| Safe Haskell | Safe-Inferred | 
|---|---|
| Language | Haskell2010 | 
NLP.Tokenize.String
- newtype EitherList a b = E {}
 - type Tokenizer = String -> EitherList String String
 - tokenize :: String -> [String]
 - run :: Tokenizer -> String -> [String]
 - defaultTokenizer :: Tokenizer
 - whitespace :: Tokenizer
 - uris :: Tokenizer
 - punctuation :: Tokenizer
 - finalPunctuation :: Tokenizer
 - initialPunctuation :: Tokenizer
 - allPunctuation :: Tokenizer
 - contractions :: Tokenizer
 - negatives :: Tokenizer
 
Documentation
newtype EitherList a b Source
The EitherList is a newtype-wrapped list of Eithers.
Instances
| Monad (EitherList a) | |
| Functor (EitherList a) | |
| Applicative (EitherList a) | 
type Tokenizer = String -> EitherList String String Source
A Tokenizer is function which takes a list and returns a list of Eithers
  (wrapped in a newtype). Right Strings will be passed on for processing
  to tokenizers down
  the pipeline. Left Strings will be passed through the pipeline unchanged.
  Use a Left String in a tokenizer to protect certain tokens from further 
  processing (e.g. see the uris tokenizer). 
  You can define your own custom tokenizer pipelines by chaining tokenizers together:
whitespace :: Tokenizer Source
Split string on whitespace.

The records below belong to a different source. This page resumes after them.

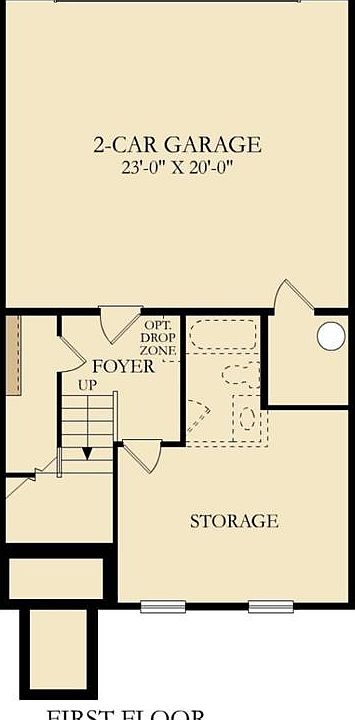 2nd image of 1455 Edgebrook Ct #16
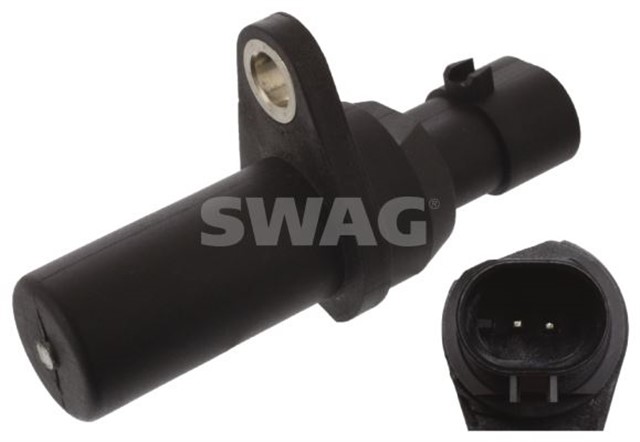 KRANK DEVIR SENSORU DOBLO III - LINEA - PUNTO - BRAVO - EGEA 1.4 - 500 1.4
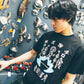Mind Body Tshirt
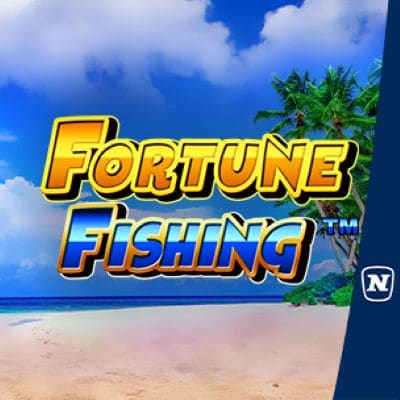 Fortune Fishing™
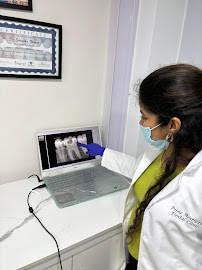 Prime Aesthetic Dental Clinic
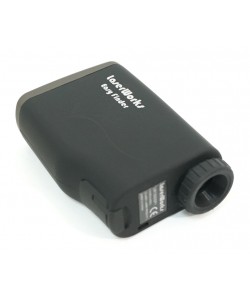 Лазерный дальномер Laser Works Easy Finder 1000 Pro, 4-1000 м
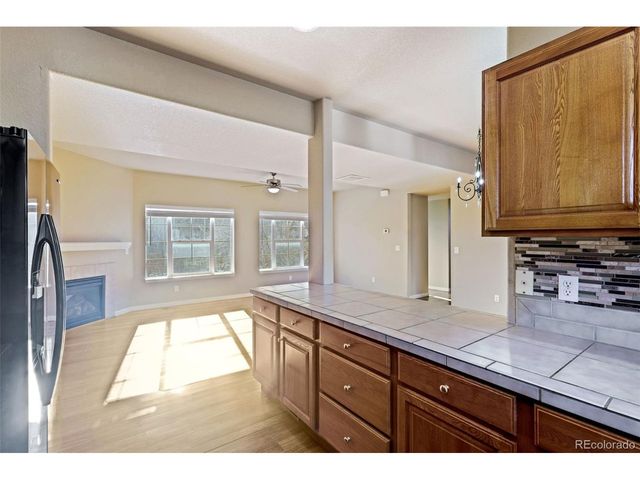 4058 Star Vw, Colorado Springs, CO 80907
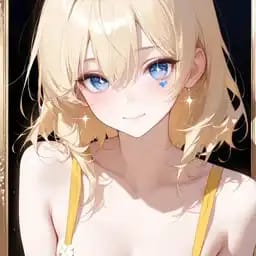 Free AI Girlfriend Chat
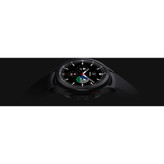 ساعت هوشمند سامسونگ مدل Galaxy Watch4 Classic 46mm main 1 7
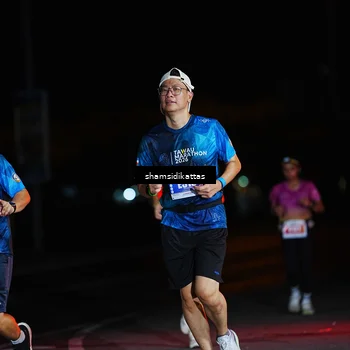 Runner Photo 4926503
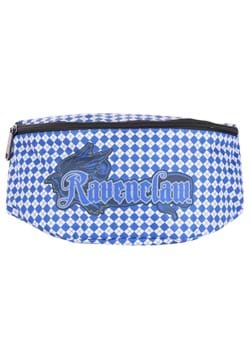 Harry Potter Ravenclaw Fanny Pack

This is just a wrapper for Data.List.words
punctuation :: Tokenizer Source
Split off initial and final punctuation
finalPunctuation :: Tokenizer Source
Split off word-final punctuation
initialPunctuation :: Tokenizer Source
Split off word-initial punctuation
allPunctuation :: Tokenizer Source
Split tokens on transitions between punctuation and non-punctuation characters. This tokenizer is not included in defaultTokenizer pipeline because dealing with word-internal punctuation is quite application specific.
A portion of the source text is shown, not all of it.